Flannery O'Connor

JRF's #33 - Wise Blood by Flannery O'Connor

This book felt like it was written by the smelly weird old cat lady you knew when you were a kid.  Maybe she was an eccentric genius but probably she was just crazy.

To start with,  I feel like much of this book was an exercise in putting your head in the toilet to see if it does indeed stink.  I didn't need the perversions and blasphemies of Hazel Motes and company to tell me that humanity is depraved and lost.  God's Word, the news and my own heart are enough reminders of that.

Secondly, I found myself grasping to find a coherent plot.  I think the plot was weird people walking around having weird thoughts and fornicating.  The most interesting character was the used car which had to be a metaphor for something, I just don't know what.  The most annoying character was the peeping tom/necromaniac, young man who beats up a guy wearing an ape suit and then runs around pretending he is an ape.  Again - don't ask me why.

Having said that, the way O'Connor illustrates this tale is quite brilliant.  Her writing style is very unique yet "southernly", kind of a mix of Mark Twain and Truman Capote.  A few times I chuckled at her ironic tone.

This is one of those books that I think everyone secretly is confused about but talks about it as brilliant because everyone else does too.

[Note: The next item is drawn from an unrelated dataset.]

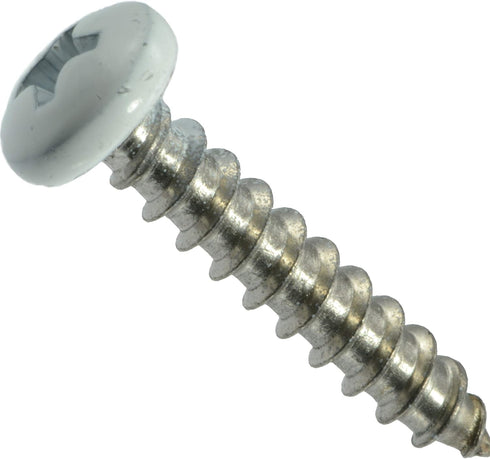 White Phillips Pan Sheet Metal Screws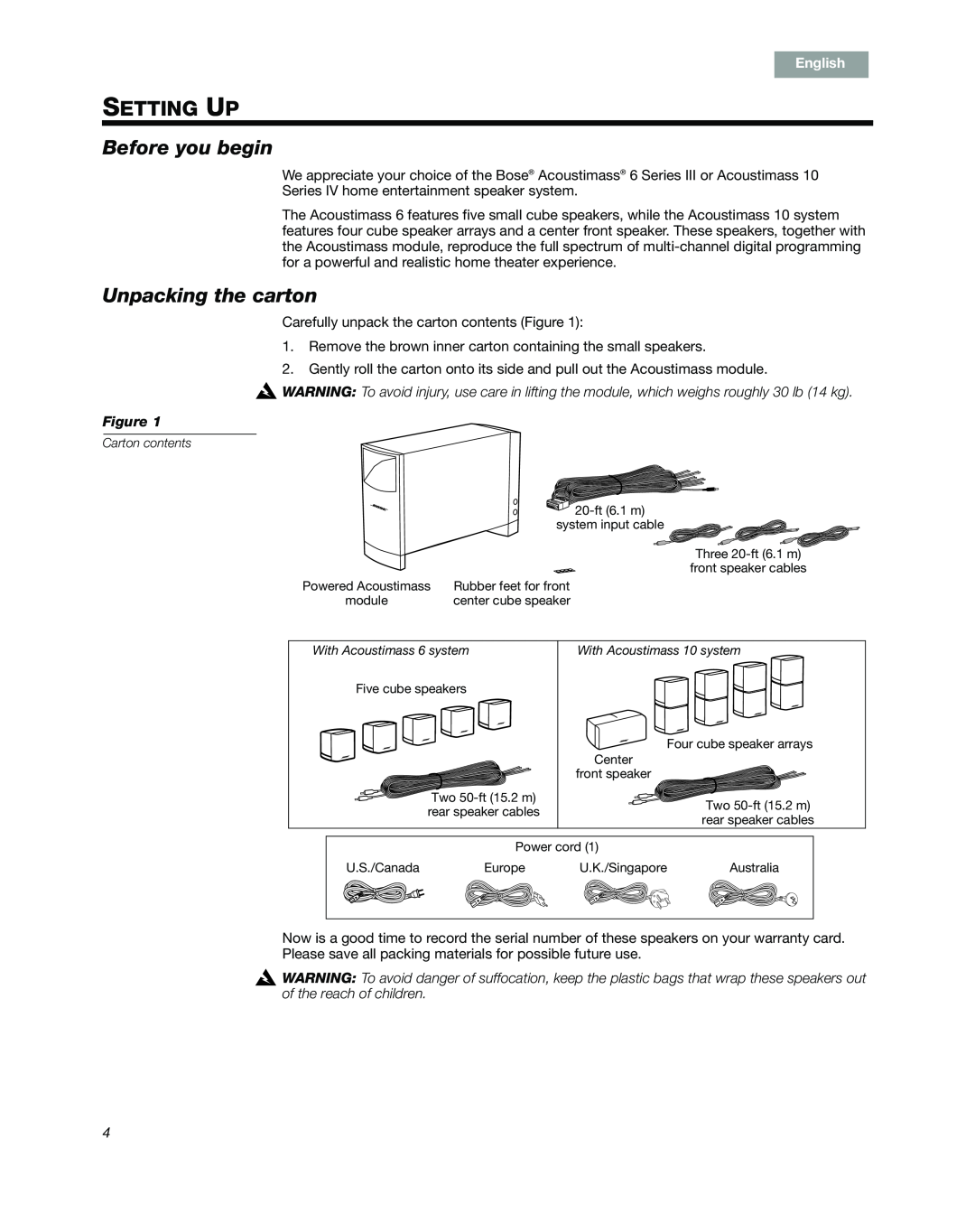 Bose 6 SERIES III, 10 Series IV manual Setting Up, Before you begin, Unpacking the carton, Français Español, English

Either that or it is one of those books that smart people like and I am not smart.  Very probable.  If I had to pull any kind of redemptive theme out of this story I guess it would be that Hazel Motes ("mote" is the King James Version word for "speck" - Matt 7:3 perhaps this is significant) is consistent and sincere in his worldview even though it leads to his self-destruction.  His insanity is really the only sane alternative to surrendering to Christ.  His sincere, consistent, bold nihilism exposes the insincere, hypocritical, cowardly christianity of the Bible Belt culture around him.  And yet his nihilism still doesn't absolve him from his guilt and defilement and this drives him to futile and fatal acts of self-justification.  Again, I have no clue if that is what Miss O'Connor wanted to convey.

Perhaps the fact that I have such a negative emotional response to this book is evidence of its brilliance.

I think I am going to have to wait until the next Apologia to see if Ron and Brad are able to enlighten me on the merits of this story.  They have their work cut out for them.  And I know they are up to the task.